SOURCE INFORMATION below:

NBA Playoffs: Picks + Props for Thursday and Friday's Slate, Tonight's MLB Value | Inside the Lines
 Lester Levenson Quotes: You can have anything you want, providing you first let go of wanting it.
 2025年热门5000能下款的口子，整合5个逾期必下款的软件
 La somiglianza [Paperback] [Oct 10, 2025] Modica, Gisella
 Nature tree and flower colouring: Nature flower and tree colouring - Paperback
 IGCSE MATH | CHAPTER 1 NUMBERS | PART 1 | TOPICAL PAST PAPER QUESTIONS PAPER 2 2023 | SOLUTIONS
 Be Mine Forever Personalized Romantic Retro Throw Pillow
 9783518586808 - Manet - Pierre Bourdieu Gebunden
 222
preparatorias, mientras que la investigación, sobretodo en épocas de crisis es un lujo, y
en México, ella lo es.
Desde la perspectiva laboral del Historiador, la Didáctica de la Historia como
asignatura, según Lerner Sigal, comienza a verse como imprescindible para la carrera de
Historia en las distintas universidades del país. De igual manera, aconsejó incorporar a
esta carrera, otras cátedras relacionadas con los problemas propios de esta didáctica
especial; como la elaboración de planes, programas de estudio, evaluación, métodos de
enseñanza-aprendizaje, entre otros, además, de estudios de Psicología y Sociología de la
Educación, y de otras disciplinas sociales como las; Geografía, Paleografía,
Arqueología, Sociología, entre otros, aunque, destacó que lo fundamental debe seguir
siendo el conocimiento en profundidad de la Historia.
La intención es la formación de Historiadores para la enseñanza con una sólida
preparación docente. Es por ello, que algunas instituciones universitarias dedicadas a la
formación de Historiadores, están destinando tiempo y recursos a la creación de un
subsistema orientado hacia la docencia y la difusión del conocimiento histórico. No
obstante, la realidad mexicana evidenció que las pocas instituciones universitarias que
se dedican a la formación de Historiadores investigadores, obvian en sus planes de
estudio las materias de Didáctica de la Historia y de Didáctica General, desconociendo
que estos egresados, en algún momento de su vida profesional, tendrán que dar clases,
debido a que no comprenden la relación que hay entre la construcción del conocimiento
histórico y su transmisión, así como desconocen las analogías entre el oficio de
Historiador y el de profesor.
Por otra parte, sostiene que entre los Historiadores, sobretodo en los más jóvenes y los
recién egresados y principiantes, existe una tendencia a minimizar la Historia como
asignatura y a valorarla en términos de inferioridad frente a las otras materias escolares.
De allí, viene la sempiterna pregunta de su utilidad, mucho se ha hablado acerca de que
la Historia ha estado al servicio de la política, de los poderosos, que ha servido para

End of SOURCE INFORMATION.

When a line contains the string "universitarias", copy it from the records.

### PROBLEM SOLUTION
preparación docente. Es por ello, que algunas instituciones universitarias dedicadas a la
obstante, la realidad mexicana evidenció que las pocas instituciones universitarias que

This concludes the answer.